The confidence of old has been shattered. After Auschwitz and the creation of a modern Jewish State, after a relentless assault on Divine Law by the forces of historicism, and after a European Enlightenment that undermined Revelation and Jewish self-confidence, we face numerous challenges as Jews. How do we make whole again that which has been broken to pieces? It is a daunting task. On the one hand, it is would be easy to throw out the baby with the bathwater and descend into the realm of a moral relativism that shuts down any claim to be a treasured people of God. On the other hand, it would be even easier to bathe the baby in dirty bathwater and reject all of the values and movements of modernity. These days, there seems to be no room for a middle ground, that middle path navigated by Philo, Saadya and Maimonides. Those who express doubts about God’s existence and justice are either labeled as atheists or censured as heretics. We either have to embrace all that is new as superior or reject all that is new as a threat to belief and a way of life.

We live in a difficult and frightening age. The extremes of atheism and fundamentalism cannot be the only answers to our dilemma and our alienation. After the events of our time it cannot be business as usual. We cannot return to a world in which Jewish law was the sole law of the self-governing community but to totally reject that law would be reckless and self-defeating. Judaism, even in a secular world, has much to say about how we live our lives and prevents us from worshiping all that is new. We can have a healthy respect for advances in science and technology yet realize that all human beings are ultimately of value and created in the image of God. We possess an indestructible soul. Science does not have all the answers. We are not slaves to an indifferent materialism. We have free will, to do good or evil. Determinism does not rule the day.

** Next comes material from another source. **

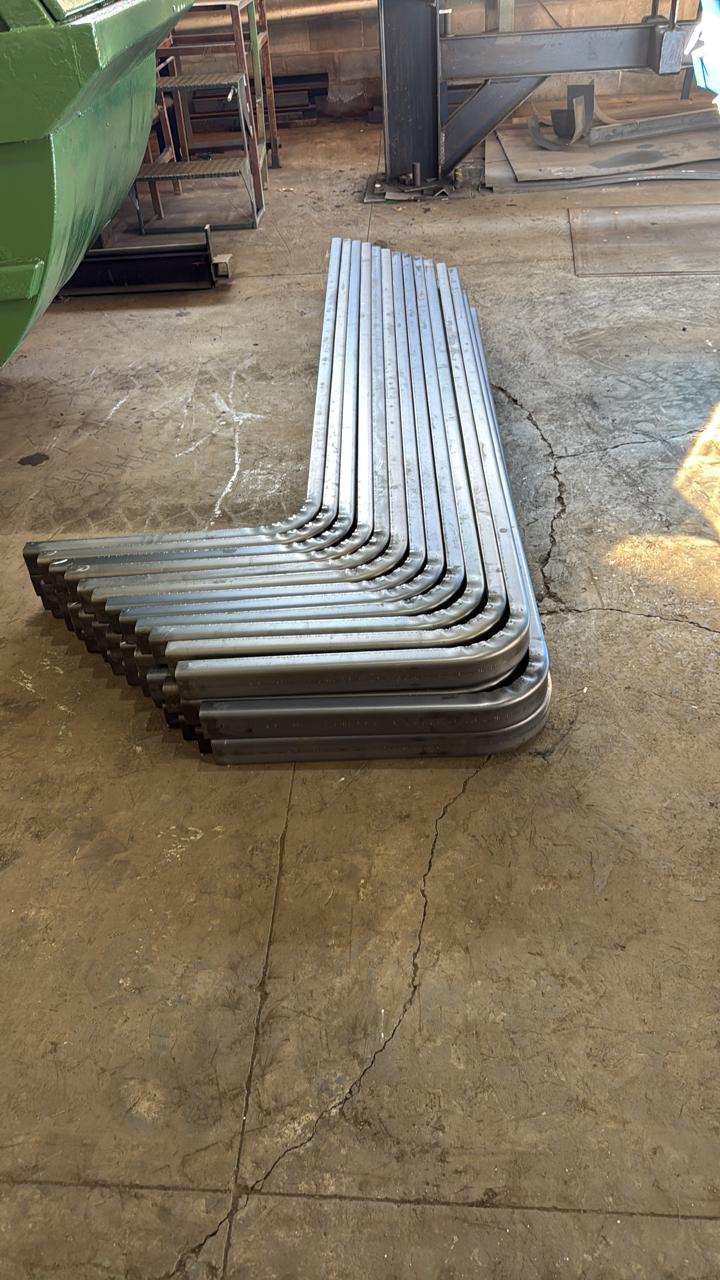 Costelas para cacambas rollon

If Moses had the fortitude to save the tablets of the Law that he shattered, we can do the same as Jews. We can even emulate our greatest prophet by ascending Sinai and continuing the work that must be done to repair the relationship between God and His people in the face of a broken Covenant. We can never return to the Promised Land of absolute certainty. Doubt in the existence of God or in God’s justice has become a reality of what it means to be a Jew in the 21st century. We ask questions and that is not a crime. It is simply arrogant to embrace absolute certainty in the modern rejection of God or in the unquestioning acceptance of God that strengthened our ancestors but does not take into account the reality of recent history. Doubt forces us to question our relationship with God. That questioning ultimately will strengthen that relationship. Ambiguity and doubt need not lead to moral relativism and the leveling of the playing field. In fact, they make us stronger and better equipped to face the great challenges ahead.